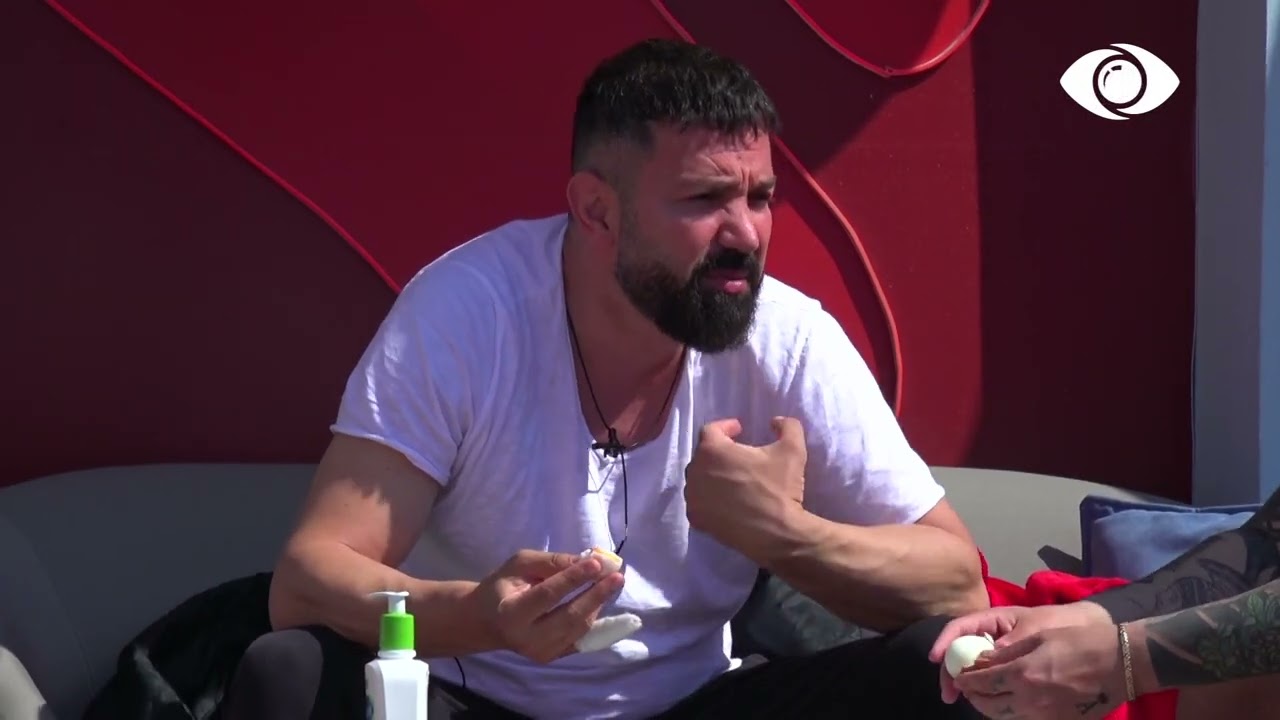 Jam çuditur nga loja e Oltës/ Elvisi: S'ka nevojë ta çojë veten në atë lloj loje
______
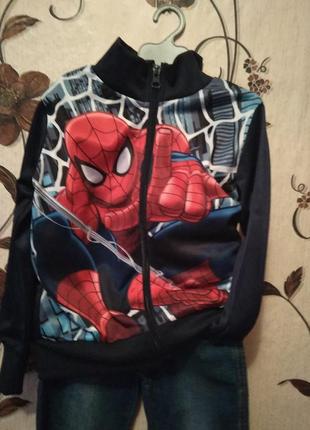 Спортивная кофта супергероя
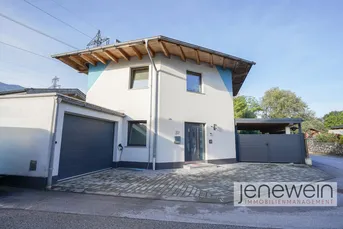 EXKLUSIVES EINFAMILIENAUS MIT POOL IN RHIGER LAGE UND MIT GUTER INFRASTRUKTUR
______
Write out, word for word, the stretch of entries that begins at the line with "Спортивная кофта супергероя" and ends at the line with "EXKLUSIVES EINFAMILIENAUS MIT". Pictures do not belong in it.

 Спортивная кофта супергероя
 EXKLUSIVES EINFAMILIENAUS MIT POOL IN RHIGER LAGE UND MIT GUTER INFRASTRUKTUR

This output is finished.